## Summary
Teasing emailing campaign, only to UNIQUE emails

## Process
- Load list of eligible benef from 2025
- JSON extraction for the allocataire field
- Data mapping and deletion of unusable data
- URL generation containing the code
- Output 3 files
  - Indirect benef
    - Family with one child
    - Familiy with more than one child
  - Direct benef

## Target audience
Initial filters:
- updated_at > 2023
- refuser = false
- a_valider = false
- situation != boursier

Audience:
- Jeunes : between 14 and 18 years old
- AAH : >= 16 years old

In [None]:
import pandas as pd
from dotenv import load_dotenv
import os
import json
import time
from data.utils.emailing_utils import format_allocataire_benef_names_in_place

load_dotenv()

start_time = time.time()

benef_2024_pathfile = os.environ['BENEF_2024_TEASING_PARQUET_PATHFILE']

output_all_eligible_families = os.environ['CAMPAIGN_TEASING_ALL_ELIGIBLE_FAMILIES_2025']
output_one_children= os.environ['CAMPAIGN_TEASING_FAMILY_ONE_CHILDREN_2025']
output_multiple_children = os.environ['CAMPAIGN_TEASING_FAMILY_MULTIPLE_CHILDREN_2025']
output_direct_beneficiaries = os.environ['CAMPAIGN_TEASING_DIRECT_BENEFICIARIES_2025']

In [None]:
df_main = pd.read_parquet(benef_2024_pathfile)

In [None]:
df_json_normalized = pd.json_normalize(df_main['allocataire'].apply(json.loads))
df_json_normalized = df_json_normalized.add_prefix('allocataire_')
df_main.index = pd.RangeIndex(start=0, stop=len(df_main), step=1)
df_unwrapped_alloc = pd.merge(df_main, df_json_normalized, left_index=True, right_index=True)
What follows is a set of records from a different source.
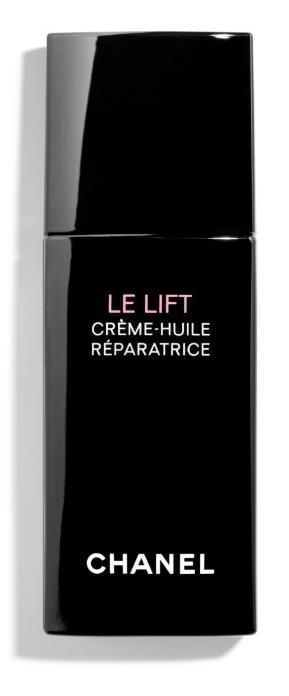 Chanel Le Lift Creme Huile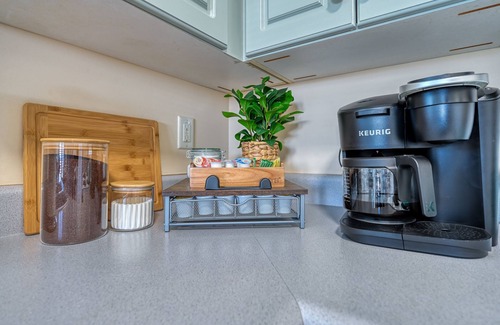 Hampstead House | Surf City Off Island Retreat! 2.5 mi to beach - Flexible booking days!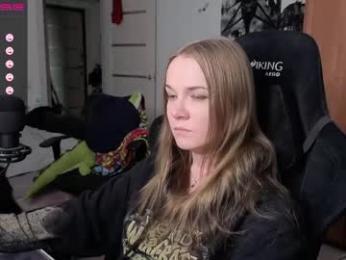 stella_and_carol webcam model stream image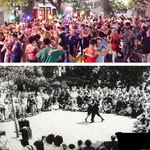 Pedro Benavente - @tangolab - Instagram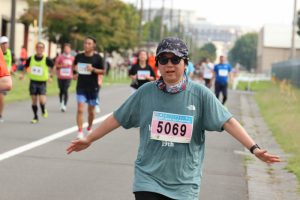 写真 388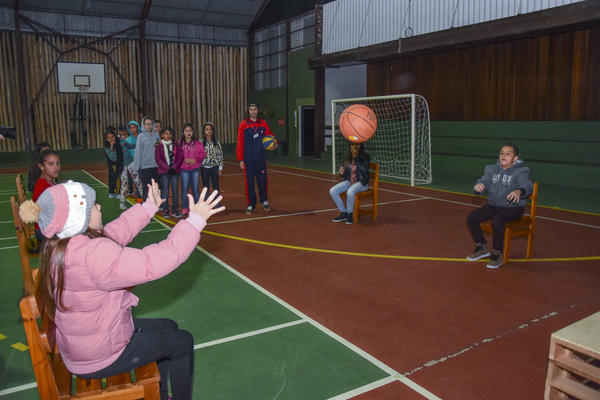 Buy your photos of the eventNR2 - Cl�ssico 03 a 04/07/17 on Fotop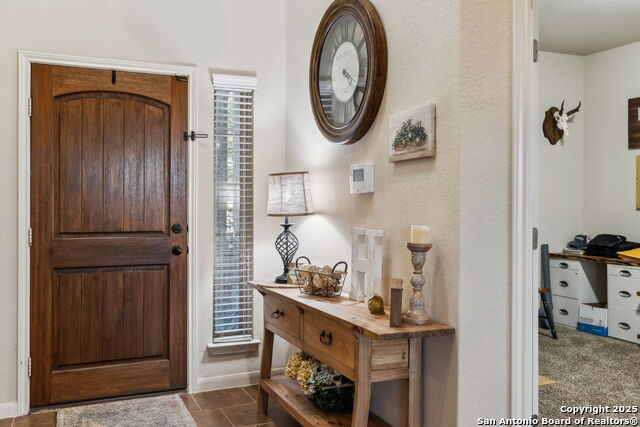 Image 8 of 54 For 2921 Sunset Summit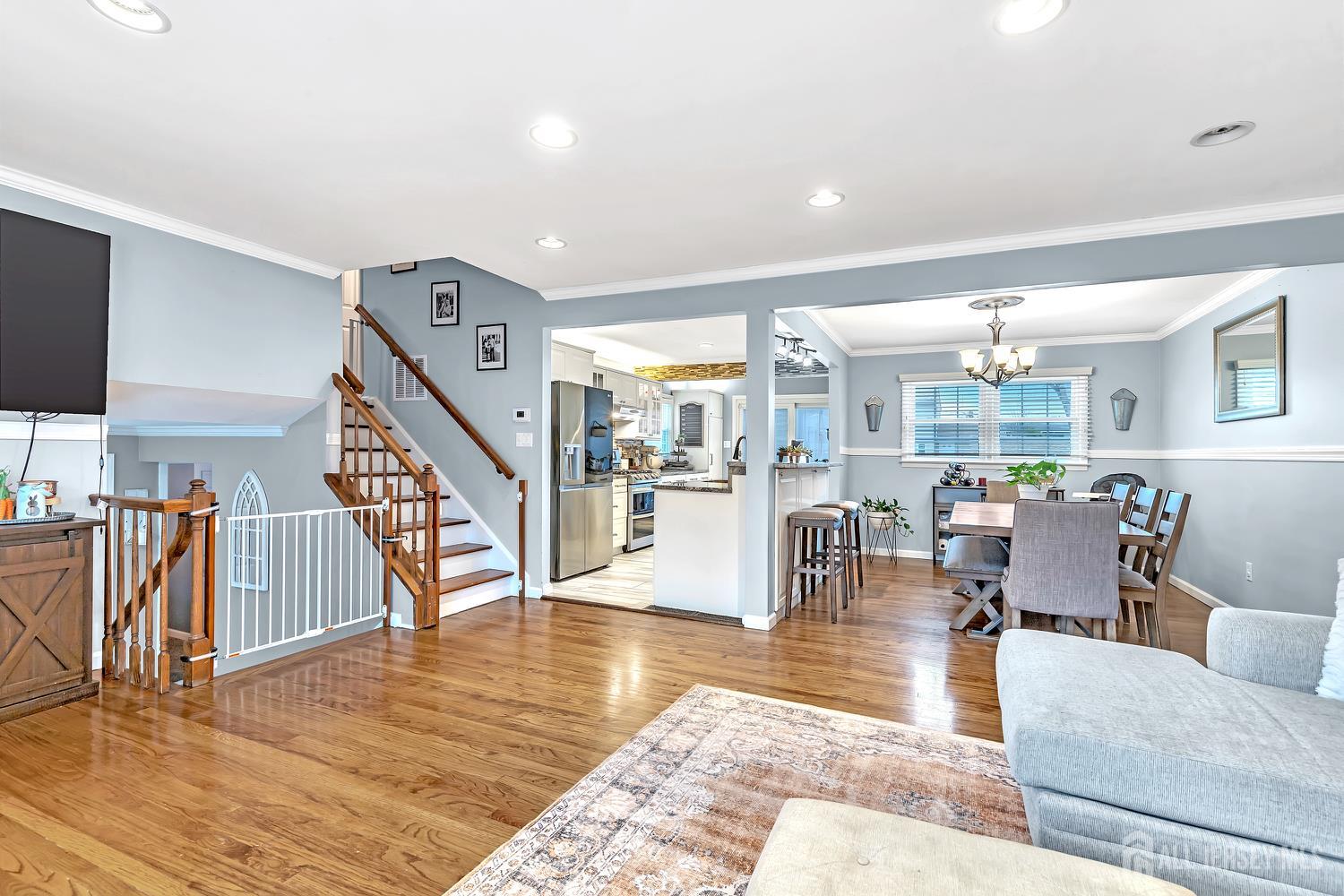 29 Dumas Road, Old Bridge, New Jersey image 9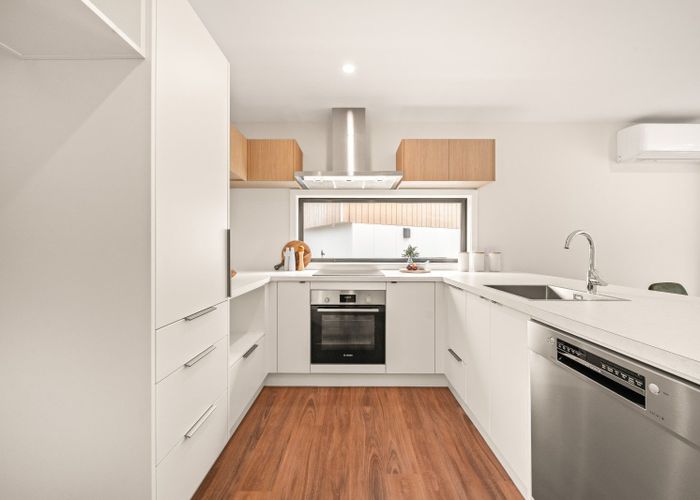 at 4-8 Tawhai Street, Stokes Valley, Lower Hutt, Wellington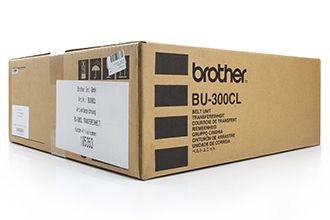 Brother BU-300CL Transfer Kit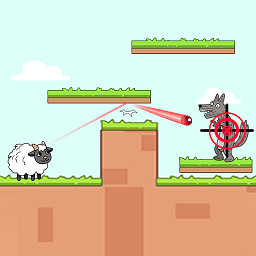 11kk163银河游戏下载-11kk163银河最新版下载 v1.0.5 安卓版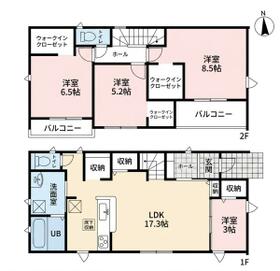 愛知県津島市柳原町２丁目
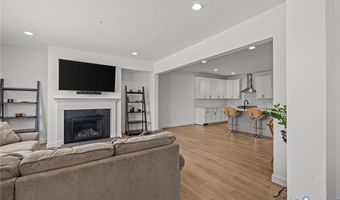 224 Lauradell Rd, Ashland, VA 23005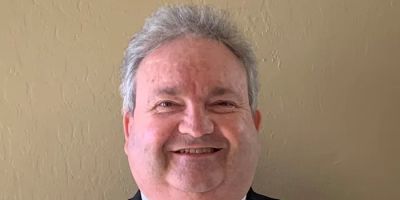 Wayne H. Taylor
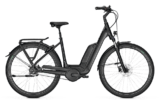 Vélo de ville électrique - Kalkhoff Image 1.B Excite - KALKHOFF 1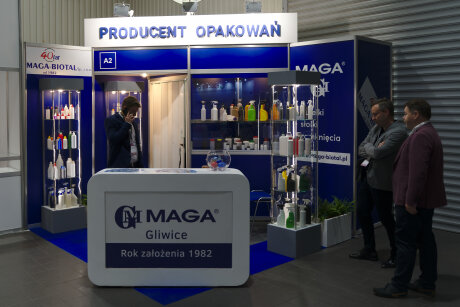 Packaging Innovations 2022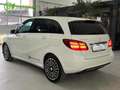 Mercedes-Benz B Electric Drive B250e Bi-Xenon Sitzheizung Tempomat Electric Art Wit - thumbnail 5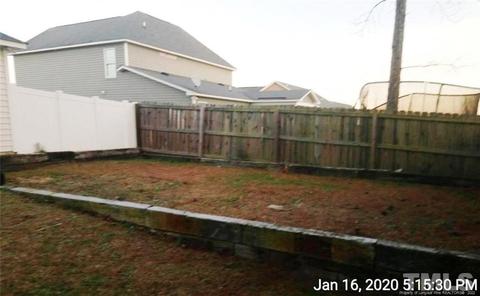 246 Regimental Dr, Cameron, NC 28326 photo 16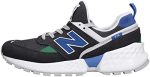 New Balance Kids N A For Discount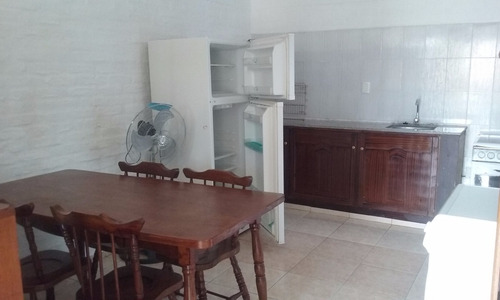 Imagen 7 de 14 de Residencia Estudiantil Universitaria Femenina En Salto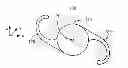 Fig. 01 - METHOD AND SYSTEM FOR PROVIDING A TORIC INTRAOCULAR LENS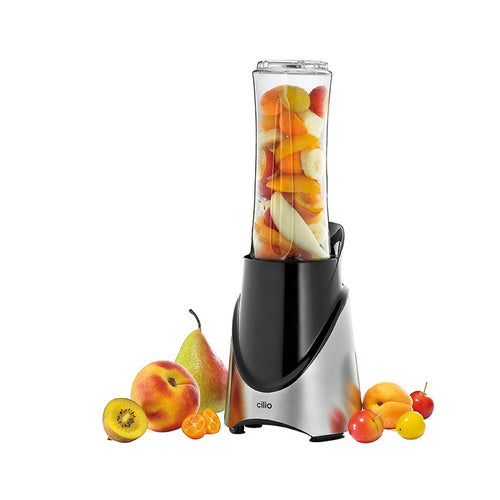 Smoothie Maker Frullatore - Cilio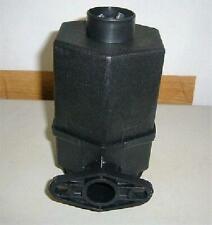 FILTRO ARIA ASPIRAZIONE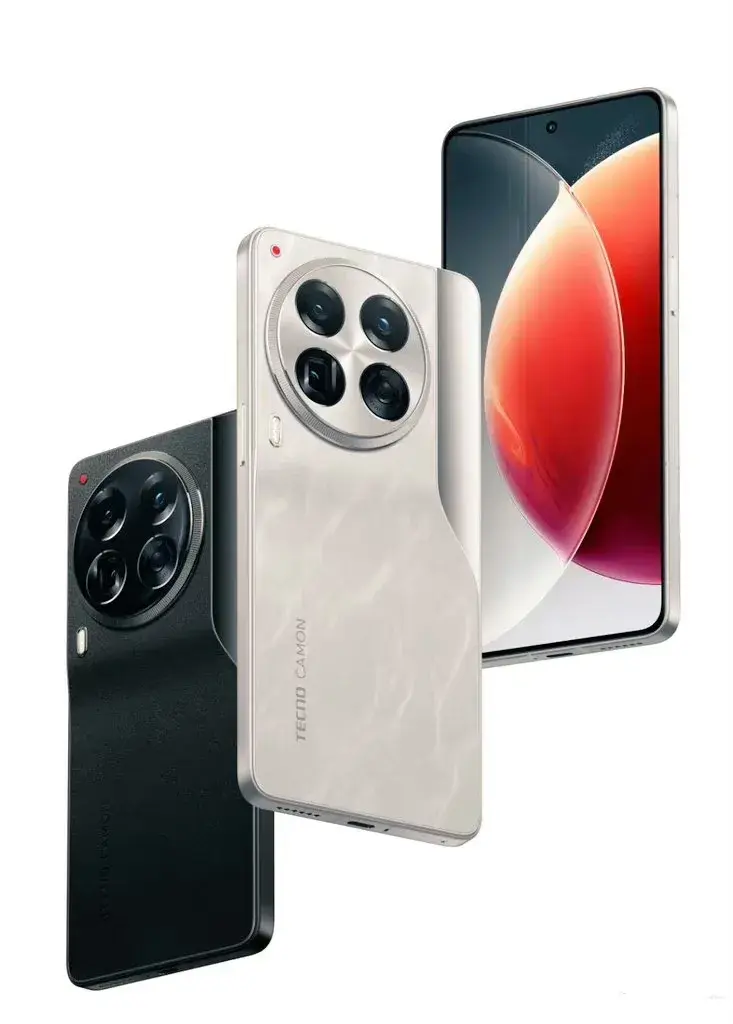 全面對標小米15!全等深微曲屏+6100mAh電池,一加13可能提前發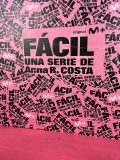 Premiere-de-Facil-02
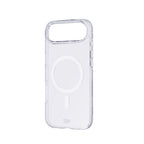 EvoLite iPhone Air Clear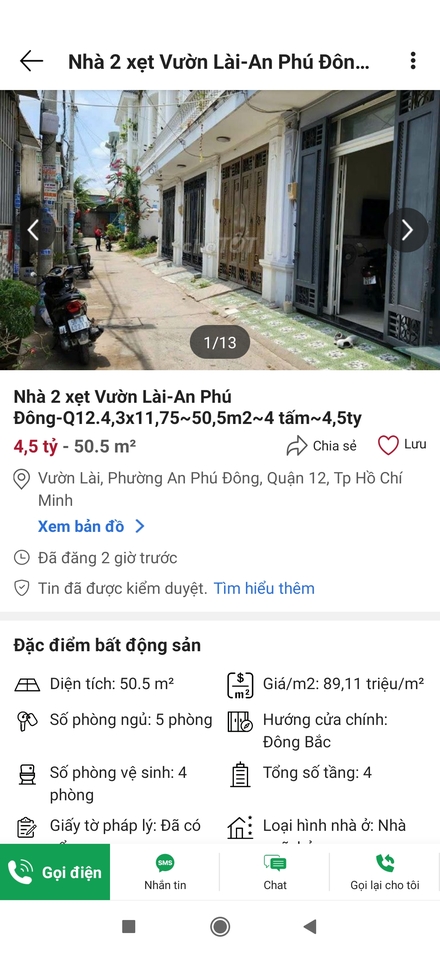 Screenshot_2023-06-27-15-18-21-951_com.chotot.vn.jpg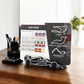 ✨Last Day Sale 49% OFF!!💥Formula 1 2025 Calendar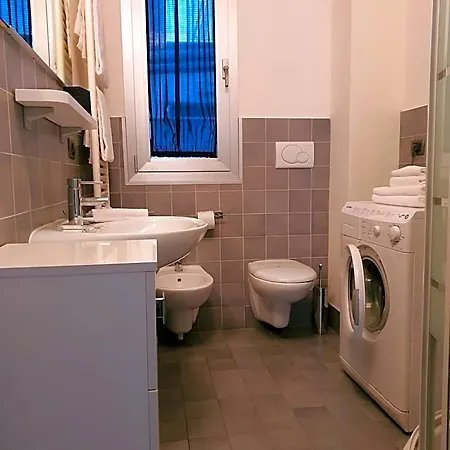 شقة فندقية Hungaria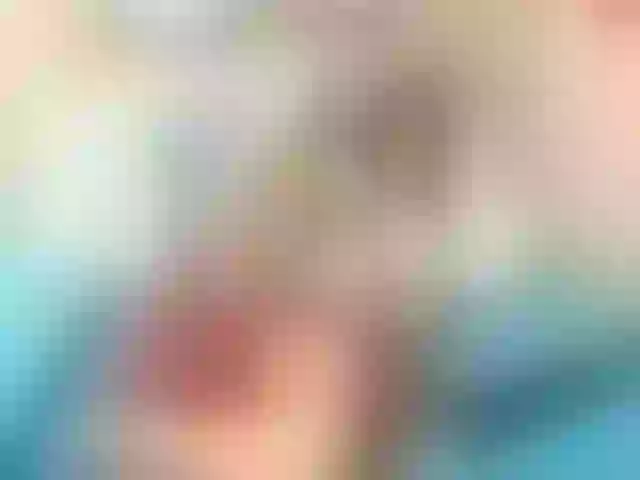 Live sex webcam photo for LelaKeyesX #263318663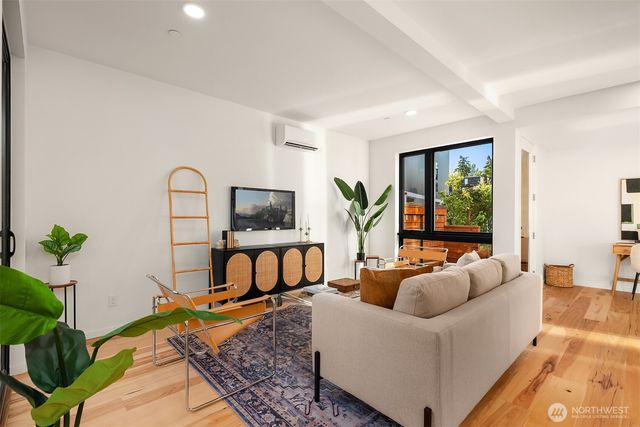 214 Shepard Way NW, Bainbridge Island, WA 98110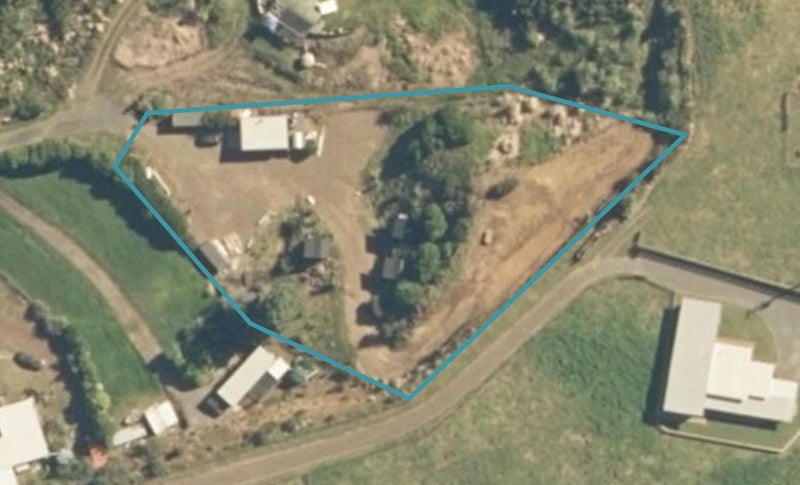 175A Te Mahoe Road, Mōkau - Carousel 1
print(f"Number of beneficiaries : {len(df_unwrapped_alloc)}")

In [None]:
# Remove RGPD lines
rgpd_emails = os.environ['RGPD_EMAILS_TO_EXCLUDE_PATHFILE']
rgpd_codes = os.environ['RGPD_CODES_TO_EXCLUDE_PATHFILE']

df_rgpd_emails = pd.read_csv(rgpd_emails)
df_rgpd_codes = pd.read_csv(rgpd_codes)

print(f"Number of beneficiaries before excluding RGPD lines : {len(df_unwrapped_alloc)} ")

df_unwrapped_alloc = df_unwrapped_alloc[~df_unwrapped_alloc['id'].isin(df_rgpd_codes['id'])]
df_unwrapped_alloc = df_unwrapped_alloc[~df_unwrapped_alloc['allocataire_courriel'].str.lower().isin(df_rgpd_emails['email'].str.lower())]

print(f"Number of beneficiaries after excluding RGPD lines : {len(df_unwrapped_alloc)} ")

In [None]:
# Users that have email
mask_not_existing_email = df_unwrapped_alloc['allocataire_courriel'].apply(lambda x: pd.isna(x) or x == '')
df_unwrapped_alloc = df_unwrapped_alloc[~mask_not_existing_email]

print(f"Number of beneficiaries with email : {len(df_unwrapped_alloc)}")

In [None]:
# Only take benef who have been updated in 2024 and beyond
# df_unwrapped_alloc['updated_at'] = pd.to_datetime(df_unwrapped_alloc['updated_at'], format='ISO8601', errors='coerce')
df_unwrapped_alloc['updated_at'] = pd.to_datetime(df_unwrapped_alloc['updated_at'].apply(lambda v: v[:10]), format='%Y-%m-%d')
df_unwrapped_alloc = df_unwrapped_alloc[df_unwrapped_alloc['updated_at'].dt.year > 2023]

In [None]:
# Exclude boursiers and invalidated benef
df_unwrapped_alloc = df_unwrapped_alloc[df_unwrapped_alloc['refuser'] == False]
df_unwrapped_alloc = df_unwrapped_alloc[df_unwrapped_alloc['a_valider'] == False]
df_unwrapped_alloc = df_unwrapped_alloc[df_unwrapped_alloc['situation'].str.lower() != 'boursier']

In [None]:
len(df_unwrapped_alloc)

In [None]:
from datetime import datetime

# Take only people between 14 years old and 18 years old
start_date = datetime(2008, 1, 1).date()
end_date = datetime(2011, 12, 31).date()

df_unwrapped_alloc['date_naissance'] = pd.to_datetime(df_unwrapped_alloc['date_naissance'], format='ISO8601', errors='coerce')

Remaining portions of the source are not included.